The input START

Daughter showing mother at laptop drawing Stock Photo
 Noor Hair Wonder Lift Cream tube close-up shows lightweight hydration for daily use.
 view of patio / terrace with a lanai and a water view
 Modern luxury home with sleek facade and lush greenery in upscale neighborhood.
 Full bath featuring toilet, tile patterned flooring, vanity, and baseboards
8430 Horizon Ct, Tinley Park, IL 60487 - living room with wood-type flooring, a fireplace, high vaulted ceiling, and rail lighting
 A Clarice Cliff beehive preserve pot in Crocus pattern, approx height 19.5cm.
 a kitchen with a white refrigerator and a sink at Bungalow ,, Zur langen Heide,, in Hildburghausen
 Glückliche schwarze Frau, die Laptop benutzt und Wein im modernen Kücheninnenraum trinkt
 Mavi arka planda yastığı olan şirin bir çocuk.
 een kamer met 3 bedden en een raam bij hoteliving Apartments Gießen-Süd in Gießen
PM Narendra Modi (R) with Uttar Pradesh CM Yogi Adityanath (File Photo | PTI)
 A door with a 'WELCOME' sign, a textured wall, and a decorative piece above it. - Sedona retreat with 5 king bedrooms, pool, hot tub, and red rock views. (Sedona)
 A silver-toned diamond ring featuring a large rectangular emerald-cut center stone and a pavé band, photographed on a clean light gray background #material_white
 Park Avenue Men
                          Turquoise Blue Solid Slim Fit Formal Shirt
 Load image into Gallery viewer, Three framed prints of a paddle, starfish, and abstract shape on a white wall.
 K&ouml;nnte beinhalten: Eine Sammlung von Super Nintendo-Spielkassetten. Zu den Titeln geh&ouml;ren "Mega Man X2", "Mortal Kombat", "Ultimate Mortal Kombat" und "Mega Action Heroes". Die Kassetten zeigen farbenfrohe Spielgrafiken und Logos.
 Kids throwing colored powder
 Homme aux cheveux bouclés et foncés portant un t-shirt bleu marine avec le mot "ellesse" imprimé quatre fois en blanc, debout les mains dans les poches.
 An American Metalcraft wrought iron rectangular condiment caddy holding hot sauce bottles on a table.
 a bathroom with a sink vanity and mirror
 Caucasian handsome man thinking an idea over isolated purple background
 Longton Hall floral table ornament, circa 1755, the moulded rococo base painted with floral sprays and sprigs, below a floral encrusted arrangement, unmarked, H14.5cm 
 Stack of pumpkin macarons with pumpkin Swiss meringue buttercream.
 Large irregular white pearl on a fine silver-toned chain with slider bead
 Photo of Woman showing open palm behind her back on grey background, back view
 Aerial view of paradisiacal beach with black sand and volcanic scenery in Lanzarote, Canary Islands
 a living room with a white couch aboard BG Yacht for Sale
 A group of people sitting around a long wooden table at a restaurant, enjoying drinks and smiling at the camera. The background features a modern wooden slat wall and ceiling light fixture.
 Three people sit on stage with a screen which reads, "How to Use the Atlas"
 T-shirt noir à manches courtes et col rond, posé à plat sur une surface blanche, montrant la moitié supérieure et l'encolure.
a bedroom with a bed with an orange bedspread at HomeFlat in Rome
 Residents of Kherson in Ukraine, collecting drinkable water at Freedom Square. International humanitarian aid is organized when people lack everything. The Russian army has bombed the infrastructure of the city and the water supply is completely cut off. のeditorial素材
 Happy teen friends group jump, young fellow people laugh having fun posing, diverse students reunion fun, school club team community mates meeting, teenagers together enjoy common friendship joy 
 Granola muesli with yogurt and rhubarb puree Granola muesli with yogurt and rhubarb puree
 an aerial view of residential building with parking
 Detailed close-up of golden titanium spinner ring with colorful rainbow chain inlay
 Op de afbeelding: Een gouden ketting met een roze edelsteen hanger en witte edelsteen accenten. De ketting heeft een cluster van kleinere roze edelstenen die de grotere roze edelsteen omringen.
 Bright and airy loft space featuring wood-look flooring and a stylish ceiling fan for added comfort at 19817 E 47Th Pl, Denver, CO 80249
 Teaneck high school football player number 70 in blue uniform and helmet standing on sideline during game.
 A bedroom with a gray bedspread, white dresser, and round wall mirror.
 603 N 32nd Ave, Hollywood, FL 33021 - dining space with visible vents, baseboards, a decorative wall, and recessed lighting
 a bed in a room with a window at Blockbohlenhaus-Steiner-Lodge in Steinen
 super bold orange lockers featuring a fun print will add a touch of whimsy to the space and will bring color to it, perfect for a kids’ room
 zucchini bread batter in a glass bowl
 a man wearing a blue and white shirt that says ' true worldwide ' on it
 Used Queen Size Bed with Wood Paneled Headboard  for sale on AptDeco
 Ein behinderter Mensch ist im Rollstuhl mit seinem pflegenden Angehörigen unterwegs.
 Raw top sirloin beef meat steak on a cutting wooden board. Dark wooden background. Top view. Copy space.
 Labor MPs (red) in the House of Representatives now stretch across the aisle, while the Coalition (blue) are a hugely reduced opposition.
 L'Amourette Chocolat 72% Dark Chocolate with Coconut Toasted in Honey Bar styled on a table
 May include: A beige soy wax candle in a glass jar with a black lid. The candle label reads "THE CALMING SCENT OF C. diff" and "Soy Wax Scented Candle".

The input END

## What to do
Looking at the data above, return every line from the one with "Aerial view of paradisiacal" down to the one with "a living room", exactly and inclusively.

## Answer to this task
 Aerial view of paradisiacal beach with black sand and volcanic scenery in Lanzarote, Canary Islands
 a living room with a white couch aboard BG Yacht for Sale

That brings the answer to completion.